Return the records exactly, keeping every line as it is.

* * *

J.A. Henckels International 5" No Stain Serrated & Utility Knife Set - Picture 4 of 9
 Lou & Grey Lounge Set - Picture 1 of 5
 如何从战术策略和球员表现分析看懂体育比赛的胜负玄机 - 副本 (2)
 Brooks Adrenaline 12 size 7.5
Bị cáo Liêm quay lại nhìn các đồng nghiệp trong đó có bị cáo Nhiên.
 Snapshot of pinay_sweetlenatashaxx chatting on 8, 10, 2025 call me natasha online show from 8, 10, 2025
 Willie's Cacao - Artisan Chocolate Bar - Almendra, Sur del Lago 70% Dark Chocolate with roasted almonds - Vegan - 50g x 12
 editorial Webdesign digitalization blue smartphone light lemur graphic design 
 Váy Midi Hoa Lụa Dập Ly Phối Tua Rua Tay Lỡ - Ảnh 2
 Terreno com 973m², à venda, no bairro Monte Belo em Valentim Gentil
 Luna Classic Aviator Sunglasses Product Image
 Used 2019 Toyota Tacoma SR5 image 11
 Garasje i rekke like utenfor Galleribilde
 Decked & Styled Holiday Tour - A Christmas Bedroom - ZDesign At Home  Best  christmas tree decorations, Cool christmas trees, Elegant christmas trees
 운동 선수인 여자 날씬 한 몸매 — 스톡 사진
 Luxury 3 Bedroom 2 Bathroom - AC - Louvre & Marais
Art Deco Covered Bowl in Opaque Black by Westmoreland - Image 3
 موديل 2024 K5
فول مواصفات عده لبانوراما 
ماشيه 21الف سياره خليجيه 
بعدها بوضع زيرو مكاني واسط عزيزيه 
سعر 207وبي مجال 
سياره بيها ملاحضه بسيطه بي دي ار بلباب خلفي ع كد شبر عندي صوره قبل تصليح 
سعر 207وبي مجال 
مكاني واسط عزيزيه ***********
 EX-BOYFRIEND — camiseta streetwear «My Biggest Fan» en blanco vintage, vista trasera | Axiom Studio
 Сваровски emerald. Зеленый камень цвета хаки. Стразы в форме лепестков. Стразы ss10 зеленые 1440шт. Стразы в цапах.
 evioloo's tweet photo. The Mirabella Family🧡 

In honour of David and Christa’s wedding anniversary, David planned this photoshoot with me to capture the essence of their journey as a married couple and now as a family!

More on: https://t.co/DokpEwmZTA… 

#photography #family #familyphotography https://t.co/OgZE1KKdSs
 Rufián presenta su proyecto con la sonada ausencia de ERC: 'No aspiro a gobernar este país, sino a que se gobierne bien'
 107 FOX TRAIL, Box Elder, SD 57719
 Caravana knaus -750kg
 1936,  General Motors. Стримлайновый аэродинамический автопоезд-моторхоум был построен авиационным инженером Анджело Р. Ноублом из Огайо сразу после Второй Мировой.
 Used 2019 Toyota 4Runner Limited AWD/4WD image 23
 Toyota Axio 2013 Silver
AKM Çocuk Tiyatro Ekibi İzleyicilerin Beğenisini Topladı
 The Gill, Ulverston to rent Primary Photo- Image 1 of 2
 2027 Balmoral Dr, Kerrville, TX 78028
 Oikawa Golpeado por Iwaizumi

* * *

# ANSWER TO THIS TASK
J.A. Henckels International 5" No Stain Serrated & Utility Knife Set - Picture 4 of 9
 Lou & Grey Lounge Set - Picture 1 of 5
 如何从战术策略和球员表现分析看懂体育比赛的胜负玄机 - 副本 (2)
 Brooks Adrenaline 12 size 7.5
Bị cáo Liêm quay lại nhìn các đồng nghiệp trong đó có bị cáo Nhiên.
 Snapshot of pinay_sweetlenatashaxx chatting on 8, 10, 2025 call me natasha online show from 8, 10, 2025
 Willie's Cacao - Artisan Chocolate Bar - Almendra, Sur del Lago 70% Dark Chocolate with roasted almonds - Vegan - 50g x 12
 editorial Webdesign digitalization blue smartphone light lemur graphic design 
 Váy Midi Hoa Lụa Dập Ly Phối Tua Rua Tay Lỡ - Ảnh 2
 Terreno com 973m², à venda, no bairro Monte Belo em Valentim Gentil
 Luna Classic Aviator Sunglasses Product Image
 Used 2019 Toyota Tacoma SR5 image 11
 Garasje i rekke like utenfor Galleribilde
 Decked & Styled Holiday Tour - A Christmas Bedroom - ZDesign At Home  Best  christmas tree decorations, Cool christmas trees, Elegant christmas trees
 운동 선수인 여자 날씬 한 몸매 — 스톡 사진
 Luxury 3 Bedroom 2 Bathroom - AC - Louvre & Marais
Art Deco Covered Bowl in Opaque Black by Westmoreland - Image 3
 موديل 2024 K5
فول مواصفات عده لبانوراما 
ماشيه 21الف سياره خليجيه 
بعدها بوضع زيرو مكاني واسط عزيزيه 
سعر 207وبي مجال 
سياره بيها ملاحضه بسيطه بي دي ار بلباب خلفي ع كد شبر عندي صوره قبل تصليح 
سعر 207وبي مجال 
مكاني واسط عزيزيه ***********
 EX-BOYFRIEND — camiseta streetwear «My Biggest Fan» en blanco vintage, vista trasera | Axiom Studio
 Сваровски emerald. Зеленый камень цвета хаки. Стразы в форме лепестков. Стразы ss10 зеленые 1440шт. Стразы в цапах.
 evioloo's tweet photo. The Mirabella Family🧡 

In honour of David and Christa’s wedding anniversary, David planned this photoshoot with me to capture the essence of their journey as a married couple and now as a family!

More on: https://t.co/DokpEwmZTA… 

#photography #family #familyphotography https://t.co/OgZE1KKdSs
 Rufián presenta su proyecto con la sonada ausencia de ERC: 'No aspiro a gobernar este país, sino a que se gobierne bien'
 107 FOX TRAIL, Box Elder, SD 57719
 Caravana knaus -750kg
 1936,  General Motors. Стримлайновый аэродинамический автопоезд-моторхоум был построен авиационным инженером Анджело Р. Ноублом из Огайо сразу после Второй Мировой.
 Used 2019 Toyota 4Runner Limited AWD/4WD image 23
 Toyota Axio 2013 Silver
AKM Çocuk Tiyatro Ekibi İzleyicilerin Beğenisini Topladı
 The Gill, Ulverston to rent Primary Photo- Image 1 of 2
 2027 Balmoral Dr, Kerrville, TX 78028
 Oikawa Golpeado por Iwaizumi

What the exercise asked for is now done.